How I Became an Artist: The Job That Changed My Life

I am a visual artist living in Southwestern Indiana who publishes art related blog posts regularly. Sign up to receive updates from my blog at the bottom of this page. 🙂

I never thought taking a job as the Coordinator of a peer-run recovery center would change the course of my life as it did. I took the Coordinator position in December 2012 and my favorite program at the center was our arts empowerment program, which promoted art as a healing tool. At the center, we helped individuals who struggled with mental health issues, and I, too, struggle with depression.

I began painting in 2009 but took a prolonged break from creating while my daughter was in her infant and toddler years. I picked up a paintbrush again during my employment at the recovery center in 2013, and after two years of not painting, I fell in love, once again, with the creative process and the healing benefits it provides. I continued to paint as much as my time afforded, and in 2014 we held the first “Art of Recovery”, an art show featuring artworks created by individuals in recovery.

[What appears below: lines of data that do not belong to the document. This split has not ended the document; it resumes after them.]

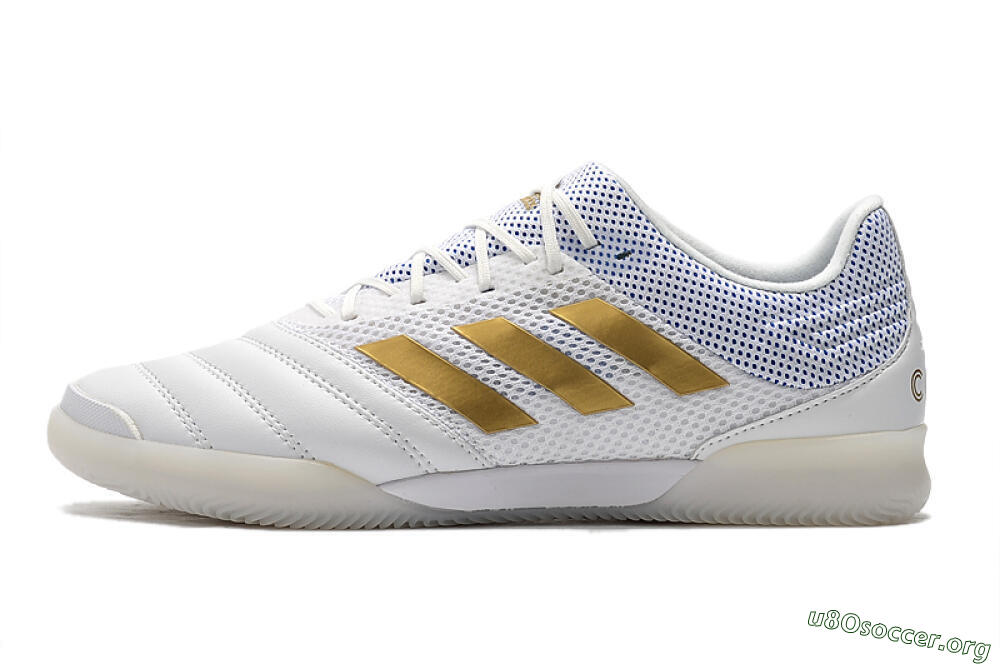 Adidas Copa Tango 20.1 IC Football Shoes - White/Gold/Blue 3
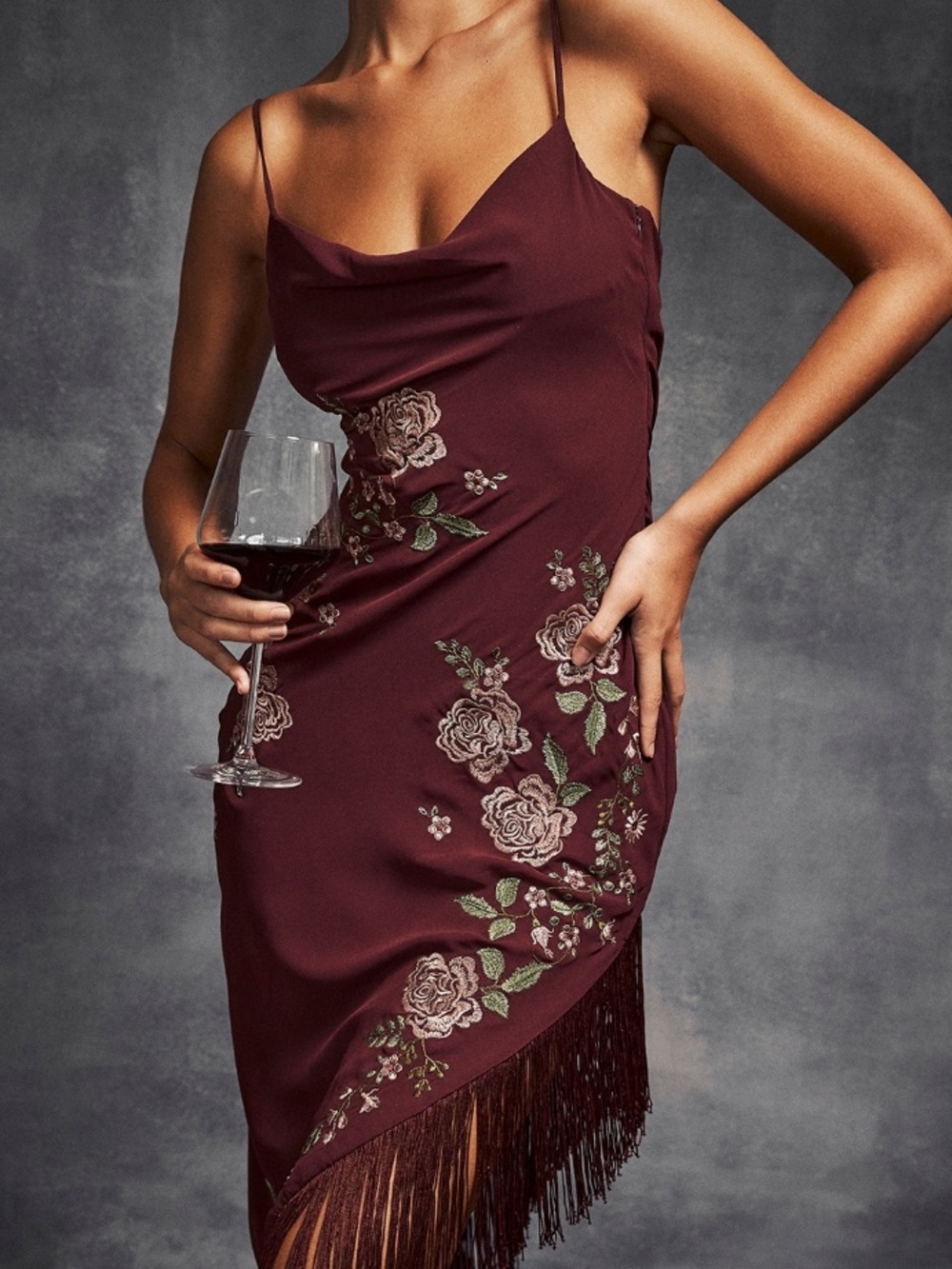 HOUSE OF CB Eloisa Asymmetric Midi Slipdress Spaghetti Strap Floral Fringe SZ S - Picture 7 of 8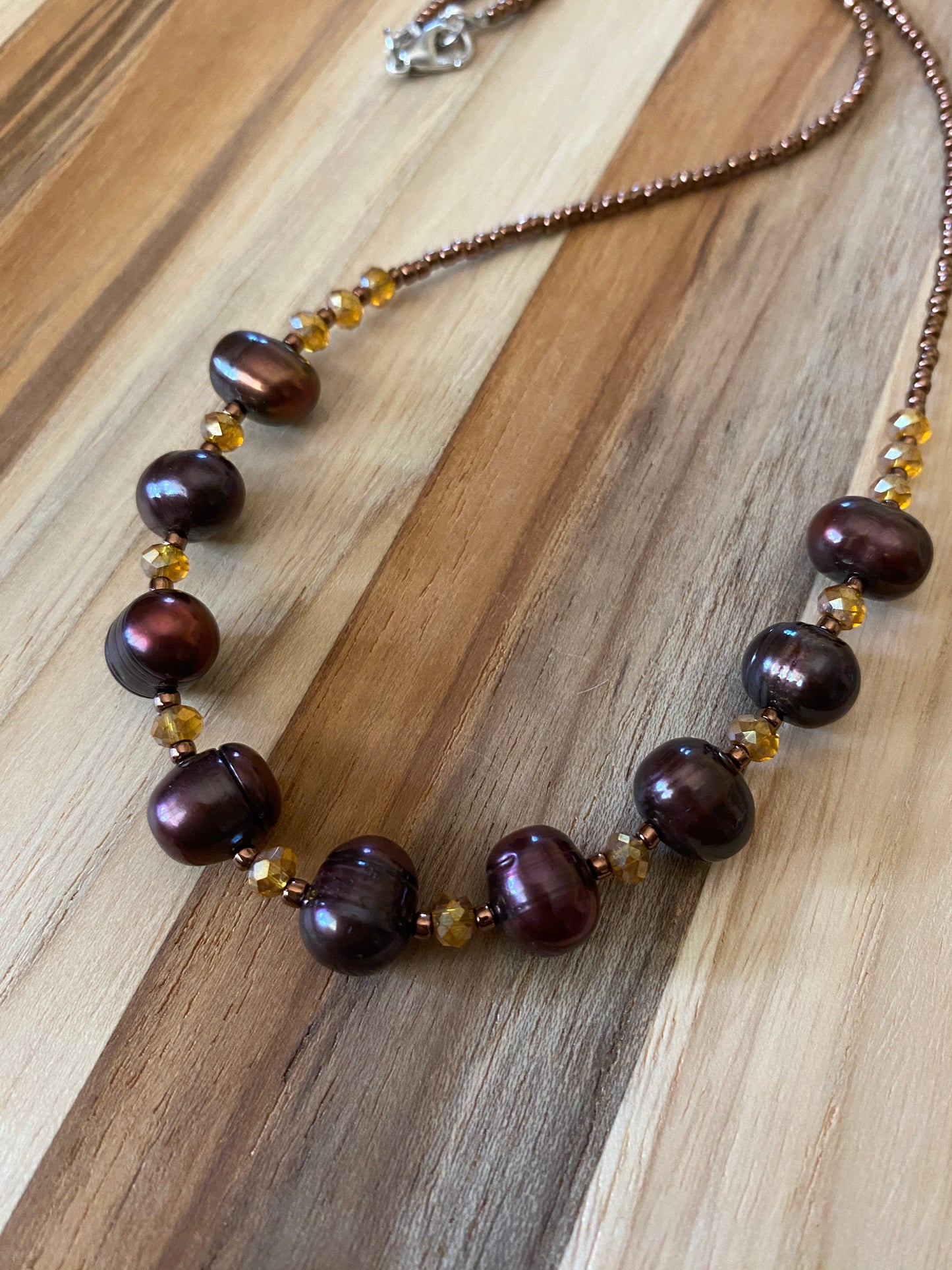 Chocolate Pearl and Crystal Necklace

A piece of mine that sold in the “Art of Recovery” 2015 show:
“Fragmentations”

fragmentations

While I enjoyed my job, I was also being strongly called in a different direction at the same time — to be an artist. I eventually took the leap of faith in 2016 to pursue art full-time and I have never regretted this decision. Would painting have chosen me otherwise had I not worked there? I know it would have; however, I think the process of becoming an artist was sped up by the nature of my day job. Being surrounded by art and artists was so inspiring. I also say that art chose me rather than I chose art. If you are born to be an artist, art will find you one way or another, sometime during your life.

Art has really saved my life in many ways. When I am creating, it is like time stands still and I enter another dimension – one in which my work and I exist and all my despair and worries disappear. Even when I’m depressed and the thought of picking up a paintbrush sounds like the most tedious task in the world, once I get going, I really do feel somewhat better. My depression doesn’t disappear necessarily, but for the moment in time that I am creating, things don’t seem quite as difficult.

I do find, however, that creating is something I need to do daily, or at least almost daily, to keep the momentum going. Art is like anything else. It is easy to push aside and skip out while your other life responsibilities take precedence. Due to this, I must make sure I stay on some type of art-making schedule.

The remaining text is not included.